“If what you’ve done is stupid but it works, then it really isn’t that stupid at all.” – David Letterman
I answer a lot of questions on a daily basis. They come in the form of face-to-face interactions with current customers and walk-in strangers, phone calls, emails and via our Facebook page. Also, I’m frequently approached in obscure places such as grocery stores & restaurants by people seeking computer related assistance. I do so freely and actually enjoy helping people realize a more informative and enjoyable computing experience. That being said, I’d like to advise all my past teachers, professors, superiors (both civilian and military), and mentors, all of whom over the years, at least once, said “there’s no such thing as a stupid question”. You were wrong.

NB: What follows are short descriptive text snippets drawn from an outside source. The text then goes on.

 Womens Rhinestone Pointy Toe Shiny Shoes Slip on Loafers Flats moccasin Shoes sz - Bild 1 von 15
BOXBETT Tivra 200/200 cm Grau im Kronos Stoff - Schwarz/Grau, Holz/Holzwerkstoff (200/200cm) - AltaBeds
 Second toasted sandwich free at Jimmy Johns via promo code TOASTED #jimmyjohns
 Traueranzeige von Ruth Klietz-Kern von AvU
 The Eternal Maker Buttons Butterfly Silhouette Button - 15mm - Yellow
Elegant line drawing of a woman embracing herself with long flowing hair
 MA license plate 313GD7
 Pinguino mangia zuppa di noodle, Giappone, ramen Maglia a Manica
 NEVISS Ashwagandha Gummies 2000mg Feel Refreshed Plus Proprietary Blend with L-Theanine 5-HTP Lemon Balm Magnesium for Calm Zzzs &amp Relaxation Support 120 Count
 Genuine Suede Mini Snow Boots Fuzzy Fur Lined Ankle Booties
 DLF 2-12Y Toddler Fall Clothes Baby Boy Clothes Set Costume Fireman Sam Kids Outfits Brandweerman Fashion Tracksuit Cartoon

My Top 10 Questions of 2014
10. Via our Facebook page: “One Problem Give Me Quick Solution” (So far so good, right? Not really, here’s the “One Problem”): “Mera laptop on ho kr band ho hata hai. I mean kabhi window ka logo aaney sey pehly hi off ho jata hai aur kabhi logo samney aata hai aur laptop band ho jata hai Kia problem hai?”

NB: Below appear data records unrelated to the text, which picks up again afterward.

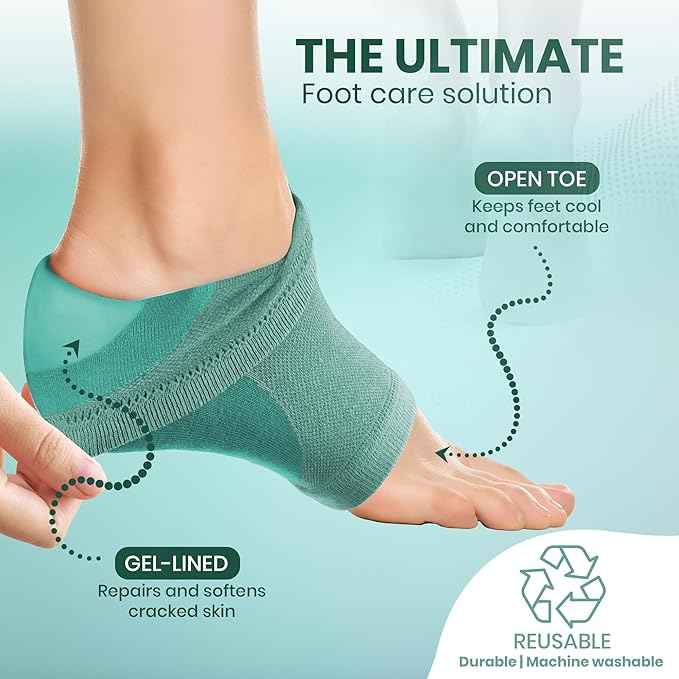 Moisturizing Heel Socks for Cracked Heels - Gel Socks for Dry Cracked Feet Repair - Silicone Socks for Women’s Foot Treatment & Overnight Hydration (Mint Green, 2-Pair)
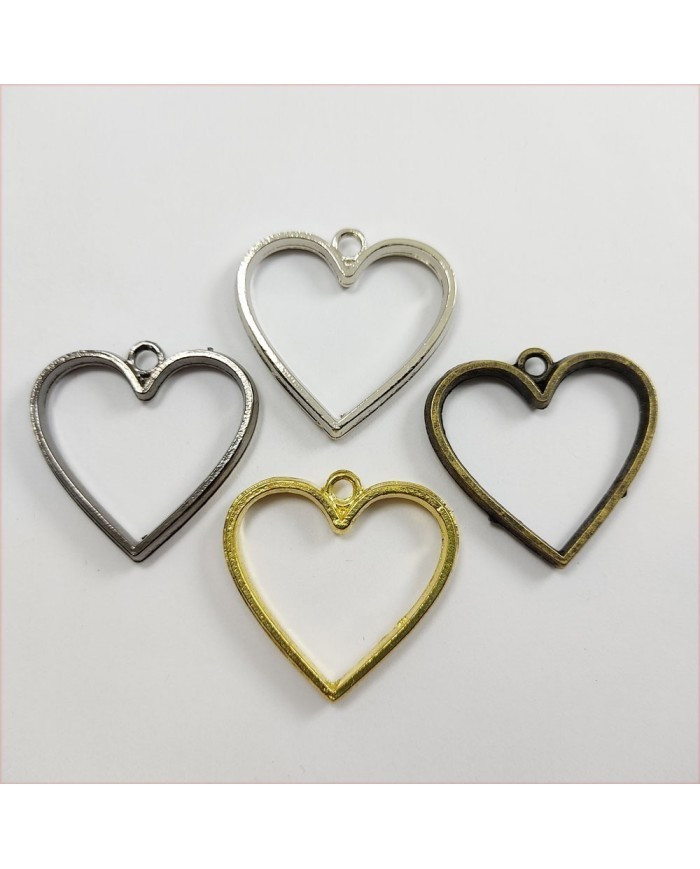 Kalp Model Tek Kulplu Reçine Metal Kolye Ucu Renk Seçmeli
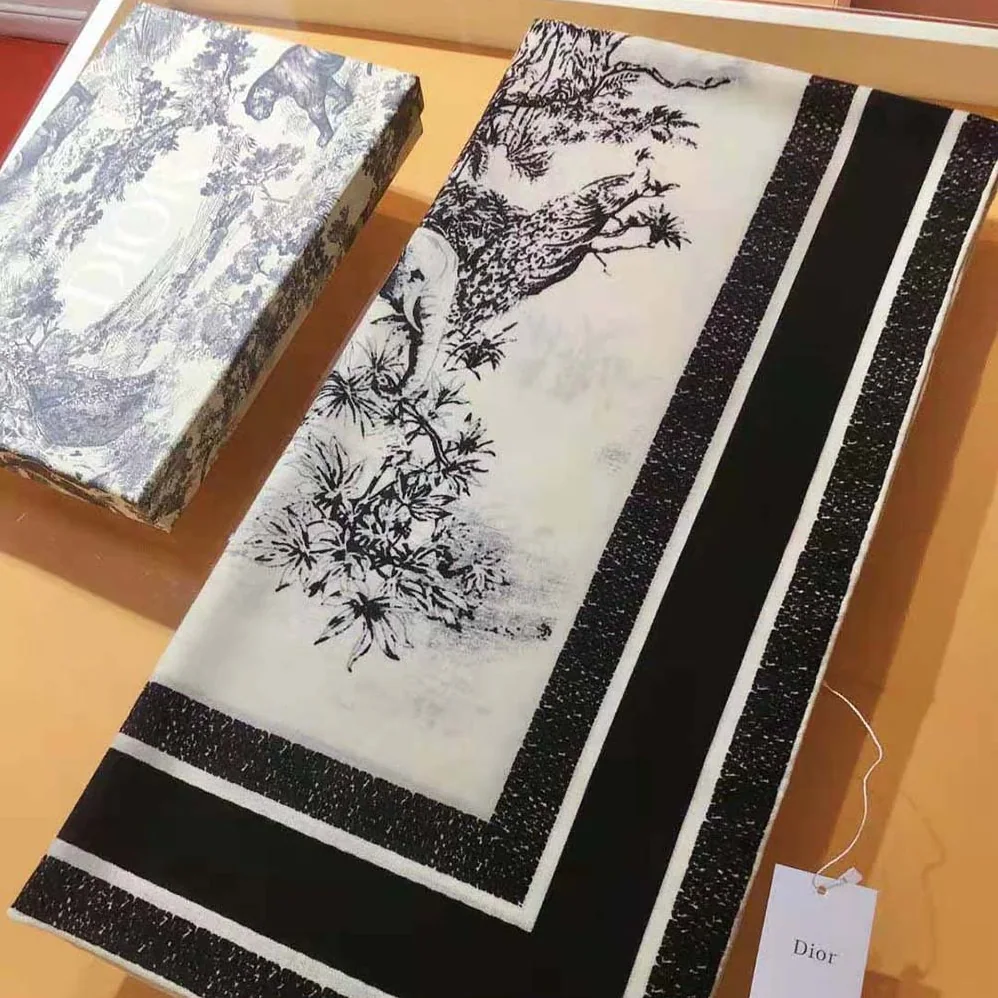 Dior Toile De Jouy Voyage 90 Square Scarf White and Black Silk Twill for Women Dior Toile De Jouy Voyage 90 Square Scarf White and Black Silk Twill for Women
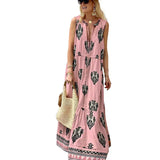 Fongt Spot Women's Wear 2024 Summer New Temperament Sleeveless Medium-Long Bohemian Print Dress-Outfit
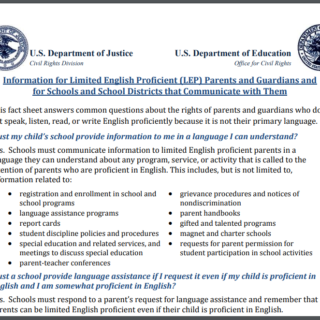 Fact Sheet for non English proficient families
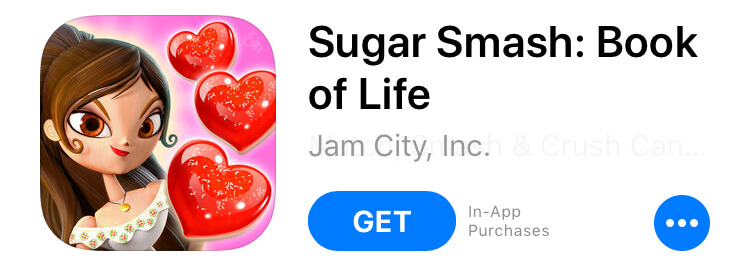 sugar smash book of life app icon for valentine's day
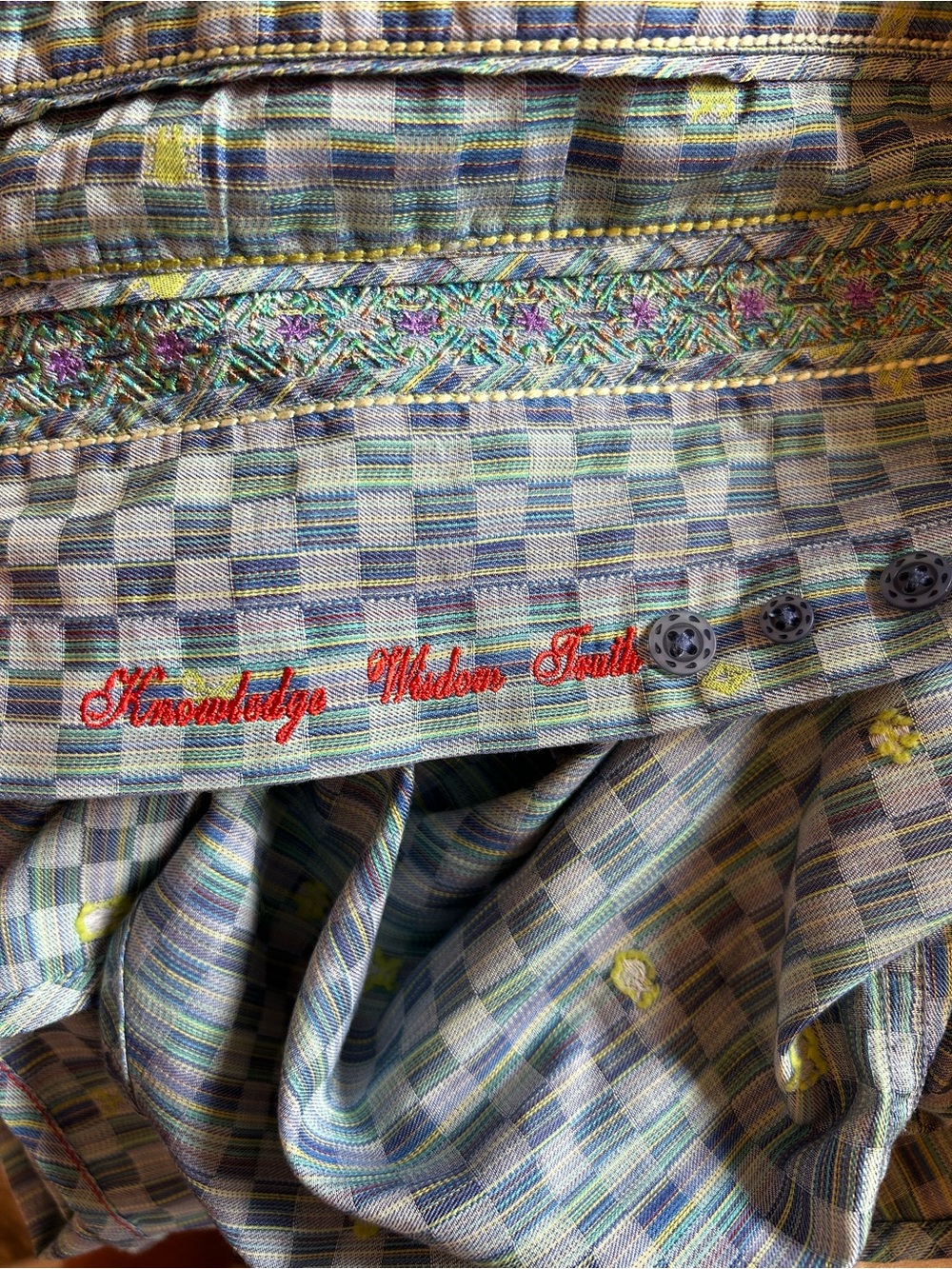 Robert Graham Blue Multi-Patterned Check Button-Up Shirt - Picture 6 of 7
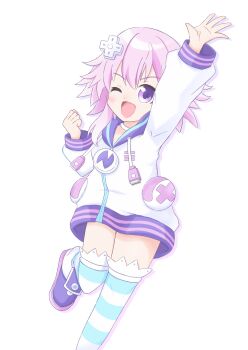 1girl choker commentary_request d-pad d-pad_hair_ornament drawstring emblem hair_ornament highres hood hoodie neptune_(neptunia) neptune_(series) one_eye_closed open_mouth purple_eyes purple_hair short_hair sidelocks simple_background snoopyhn socks solo striped_clothes striped_socks striped_thighhighs thighhighs usb white_background white_choker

** First, allow me to say that we greatly appreciate our Facebook fans from other lands. We currently have over 7,500 people following us and at least half of those are from 47 countries that don’t count English as their primary language. We get a lot of questions from those folks and most times we’re able to translate either via web services, or through someone who understood the language/question. Unfortunately, the above questioner received no forthcoming help from anyone else, and all of our web based translators said “Are you drunk?”.
9. Via Email: “I have oriental writing at the top of my AOL homepage. Why is it there? Does this have something to do with that Sony and North Korea fight? Tell me what you know about this.”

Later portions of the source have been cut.